[RECORDS FOR THE TASK]

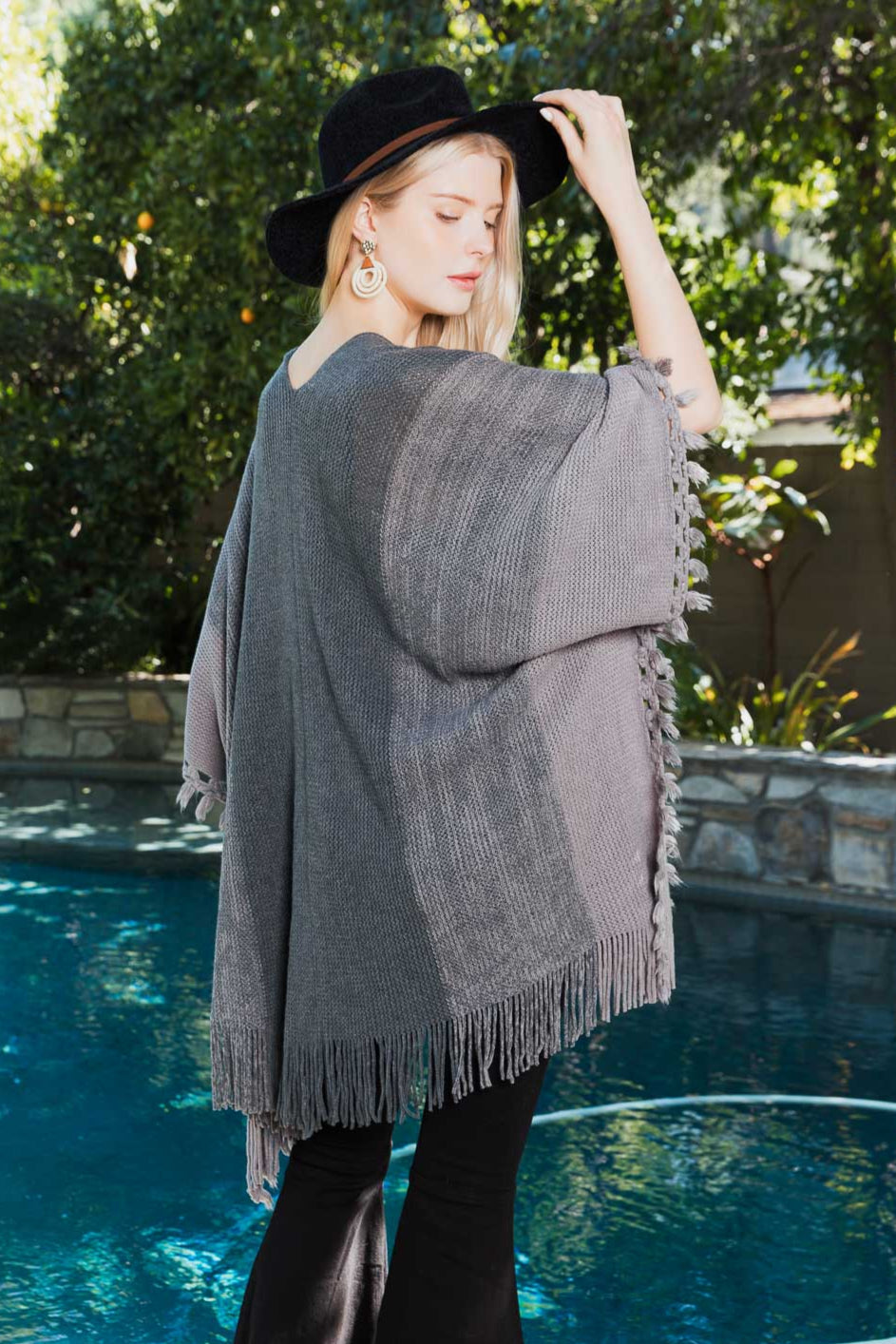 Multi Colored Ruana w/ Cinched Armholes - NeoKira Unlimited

[/RECORDS FOR THE TASK]
[RECORDS FOR THE TASK]

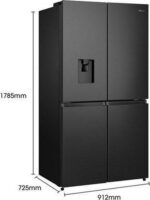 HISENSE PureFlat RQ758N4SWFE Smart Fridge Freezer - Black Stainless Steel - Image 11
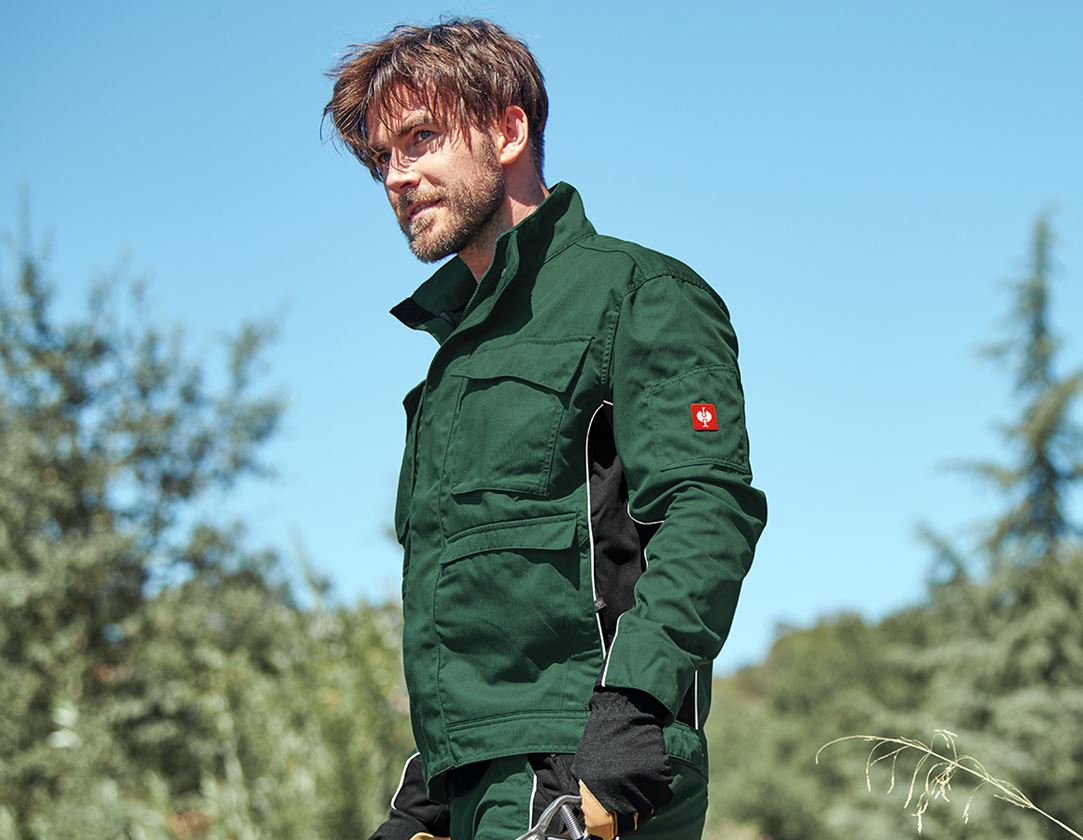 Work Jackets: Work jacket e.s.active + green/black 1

[/RECORDS FOR THE TASK]
[RECORDS FOR THE TASK]

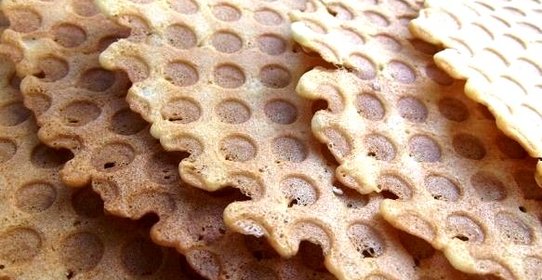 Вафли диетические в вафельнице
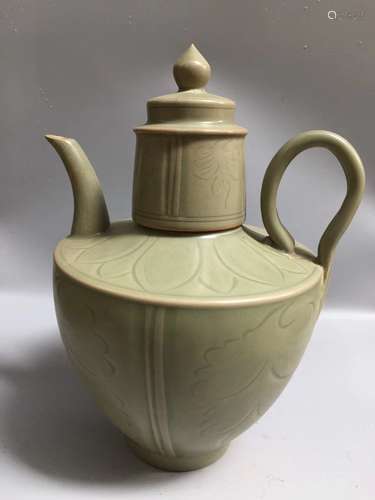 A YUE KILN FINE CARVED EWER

[/RECORDS FOR THE TASK]

WHAT IS BEING ASKED >> With pictures excluded, reproduce exactly the lines above from the one containing "Вафли диетические в вафельнице" down to the one containing "A YUE KILN FINE CARVED EWER", those two included.

TASK RESULT >>
 Вафли диетические в вафельнице
 A YUE KILN FINE CARVED EWER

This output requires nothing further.